= Beginning of Section =

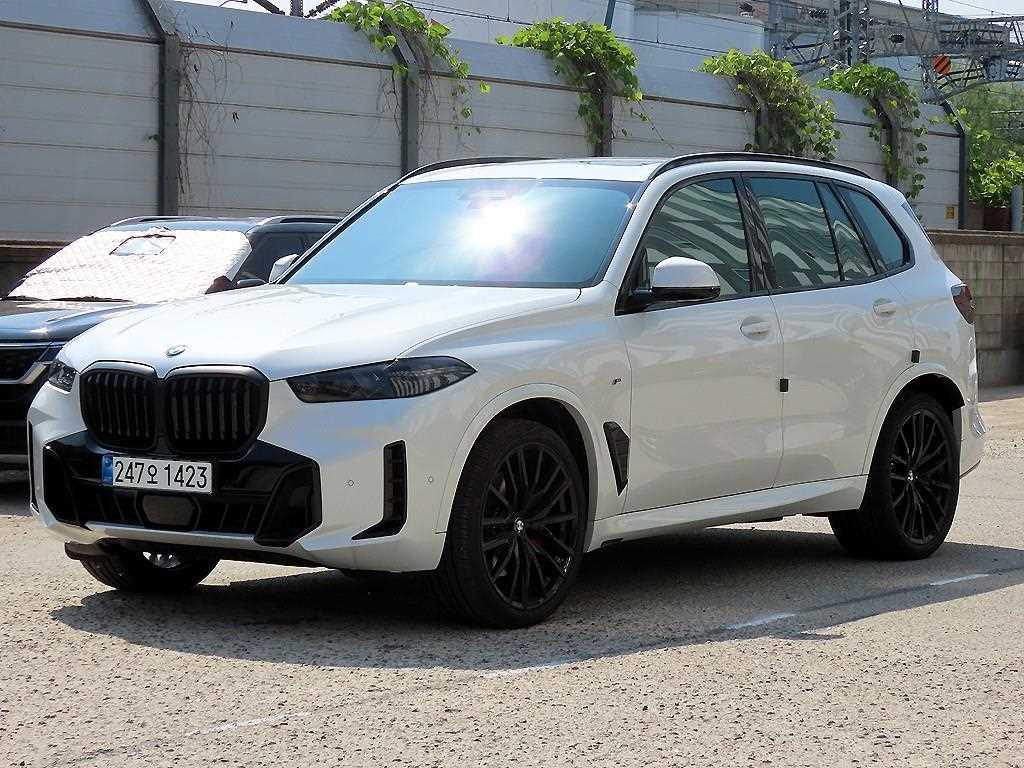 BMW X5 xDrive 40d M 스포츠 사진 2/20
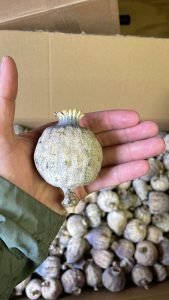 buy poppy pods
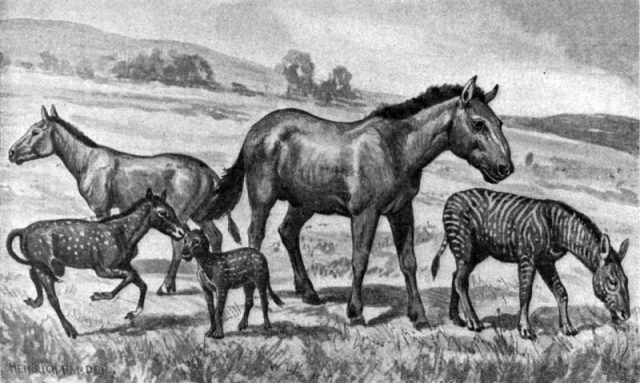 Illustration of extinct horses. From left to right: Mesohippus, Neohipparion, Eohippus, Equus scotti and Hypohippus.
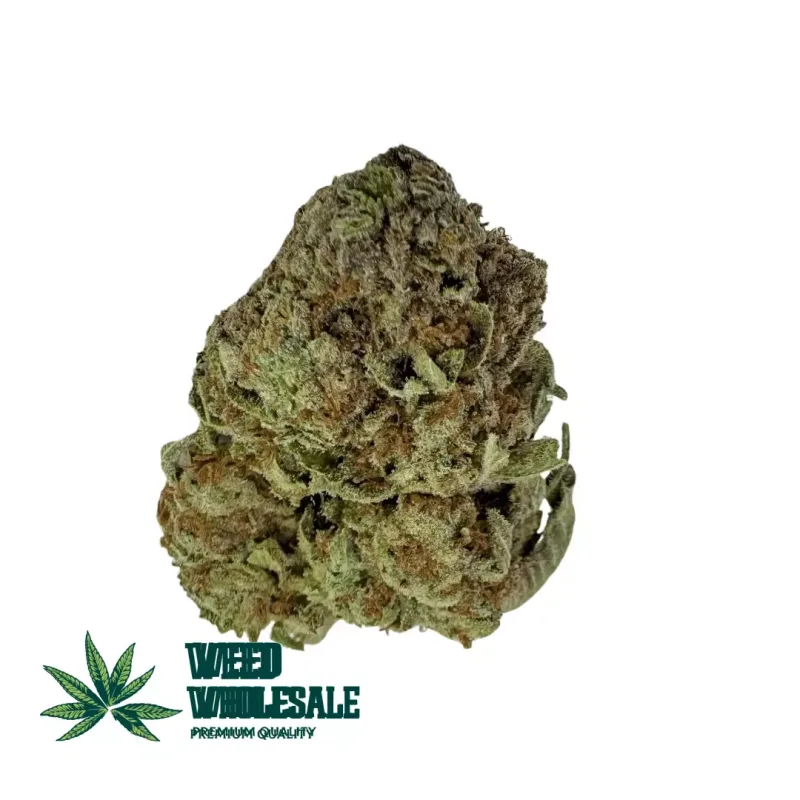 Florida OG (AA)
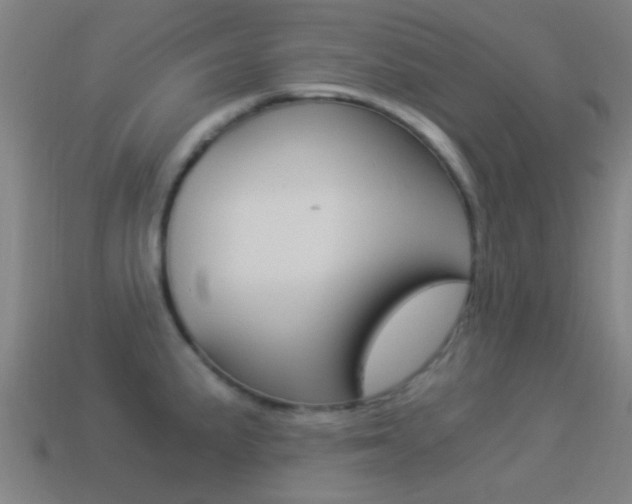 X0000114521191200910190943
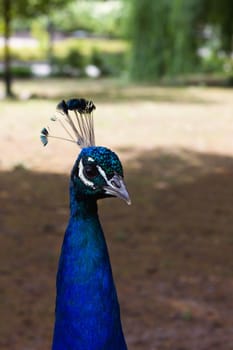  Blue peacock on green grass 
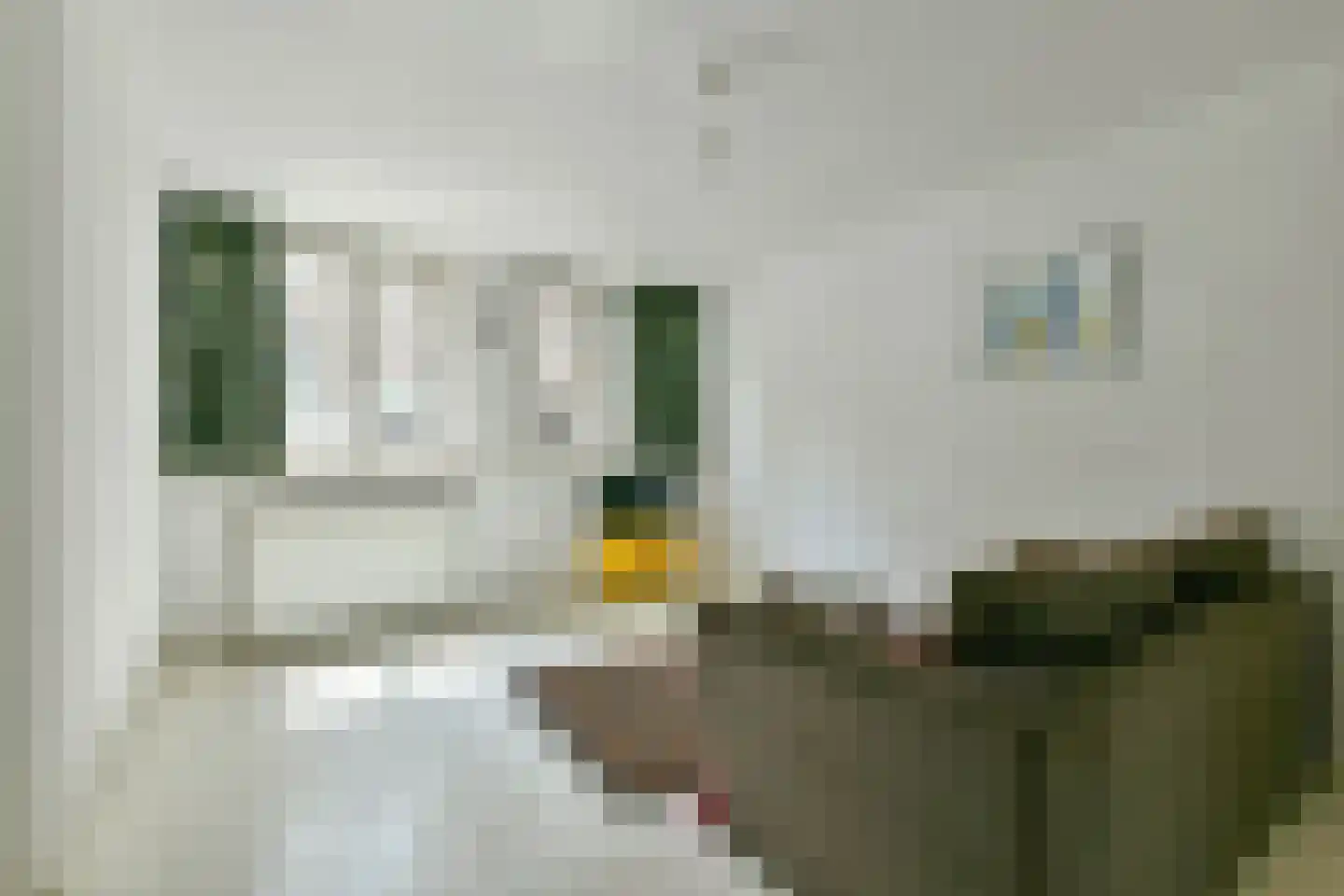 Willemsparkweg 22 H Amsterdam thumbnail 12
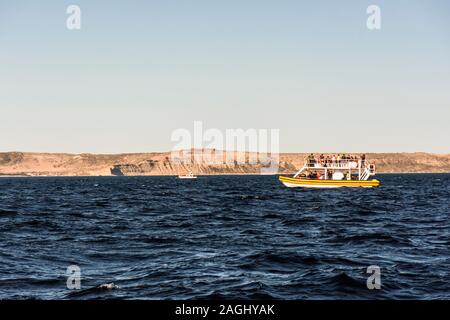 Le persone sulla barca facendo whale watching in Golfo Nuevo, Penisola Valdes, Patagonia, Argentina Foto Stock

= End of Section =

In the records, the line containing "Florida OG (AA)" starts the span and the final line ends it. Output exactly that span, both ends included, with no pictures and nothing else.

 Florida OG (AA)
 X0000114521191200910190943
  Blue peacock on green grass 
 Willemsparkweg 22 H Amsterdam thumbnail 12
 Le persone sulla barca facendo whale watching in Golfo Nuevo, Penisola Valdes, Patagonia, Argentina Foto Stock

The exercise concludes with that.